## Goal of the exercise
Every line of the listing below should be written out exactly.
[Information supplied — start]
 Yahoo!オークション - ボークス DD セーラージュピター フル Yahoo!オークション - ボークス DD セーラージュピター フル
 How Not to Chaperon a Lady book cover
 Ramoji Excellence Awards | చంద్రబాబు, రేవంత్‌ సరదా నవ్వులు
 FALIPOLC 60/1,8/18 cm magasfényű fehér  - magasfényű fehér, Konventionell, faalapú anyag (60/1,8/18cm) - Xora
[Information supplied — finish]
## Task answer
 Yahoo!オークション - ボークス DD セーラージュピター フル Yahoo!オークション - ボークス DD セーラージュピター フル
 How Not to Chaperon a Lady book cover
 Ramoji Excellence Awards | చంద్రబాబు, రేవంత్‌ సరదా నవ్వులు
 FALIPOLC 60/1,8/18 cm magasfényű fehér  - magasfényű fehér, Konventionell, faalapú anyag (60/1,8/18cm) - Xora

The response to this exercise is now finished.